SOCANTH fellows produced in-depth qualitative research on issues of profound public interest and academic debate, such as ethnic relations, democratic public culture, conflict prevention, the treatment of the aged and mentally sick, the nature of divided cities to name but just a few. While fellows came mostly from former communist states, in line with anthropology's global reach, the geographical range of research was unlimited. The SOCANTH consortium always believed that anthropology's concern for bringing local meaning and value into relation with global phenomena rendered the discipline well suited to fast-tracking the radical changes necessary for the reform of educational and research practice in the social sciences, and in a more general context, of the involved countries.

The SOCANTH network comprised five sites where anthropology was taught at doctoral level, in four different European Union, or associated, countries. The participants were University College London and Goldsmith's College, from the United Kingdom, Central European University from Hungary, Max Planck Institute for Social Anthropology (MPISA), from Germany and Babes-Bolyai University (BBU) from Romania.

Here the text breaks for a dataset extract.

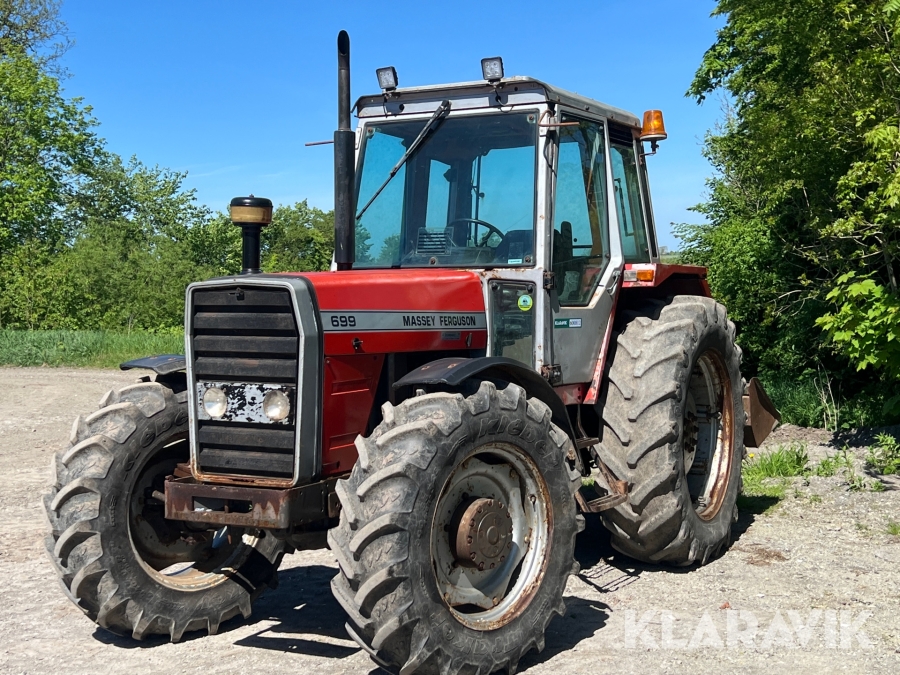 Traktor Massey Ferguson 699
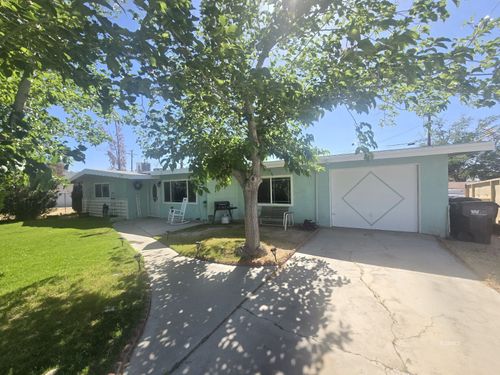 233 S Springside St, Ridgecrest, CA, 93555-4310 | Card Image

Nevertheless, the cooperating institutions did not just differ, they had also conjoined, each in a distinct way, in the project of rethinking ethnography and supporting a public anthropology. While they offered different strengths and theoretical and methodological emphases to doctoral fellow's and the short term visitors, they converged on a substantive project of offering a critical rethinking of conventional anthropology and ethnography.

Anthropology training is unique in the social sciences in imparting a collection of highly transferable skills which enable students to continue within the discipline or to move easily into careers in social policy, social planning, media and communications, or politics in its widest sense. A major aim of this programme was to avail gifted and promising students from eastern and central Europe of the training which would allow them to be as competent and competitive as their western counterparts. We trusted and hoped that their experience in this programme would provide them with the foundation on which truly productive and creative careers could be built.